**TASK DETAILS:**
In the material below, find the line containing "Sandomierz: 27 Finał" and the line containing "Framed BJÖRKSTA picture". Output those two lines and all lines between them exactly, without pictures.

**THE DATA:**
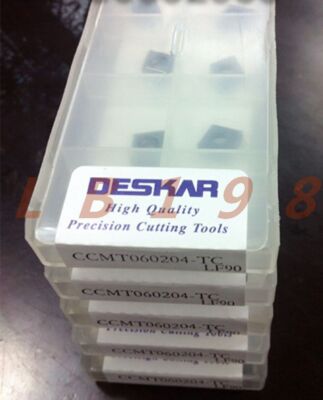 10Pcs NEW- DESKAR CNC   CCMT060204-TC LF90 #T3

--

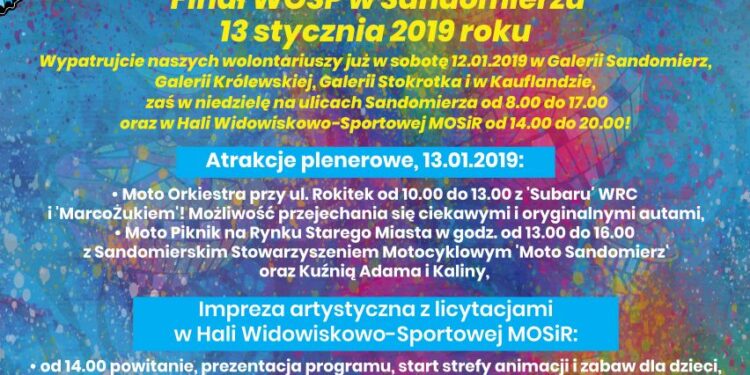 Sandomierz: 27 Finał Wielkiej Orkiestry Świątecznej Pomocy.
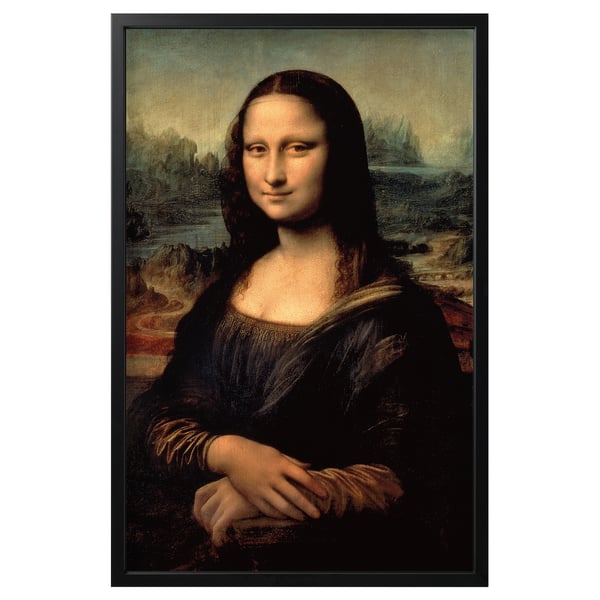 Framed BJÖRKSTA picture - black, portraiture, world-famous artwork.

* * *

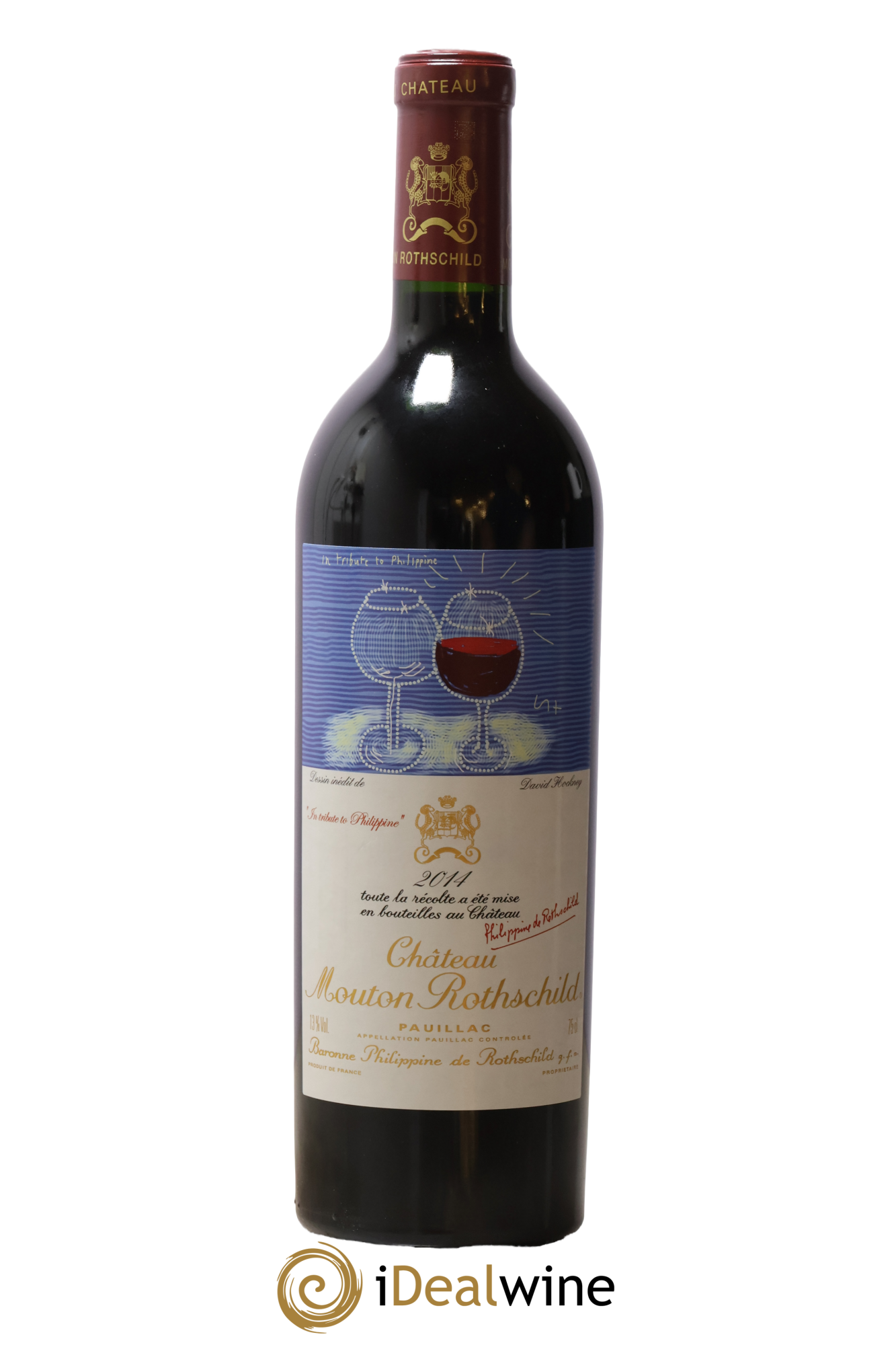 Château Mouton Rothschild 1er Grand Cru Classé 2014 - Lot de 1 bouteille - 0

**ANSWER SECTION:**
 Sandomierz: 27 Finał Wielkiej Orkiestry Świątecznej Pomocy.
 Framed BJÖRKSTA picture - black, portraiture, world-famous artwork.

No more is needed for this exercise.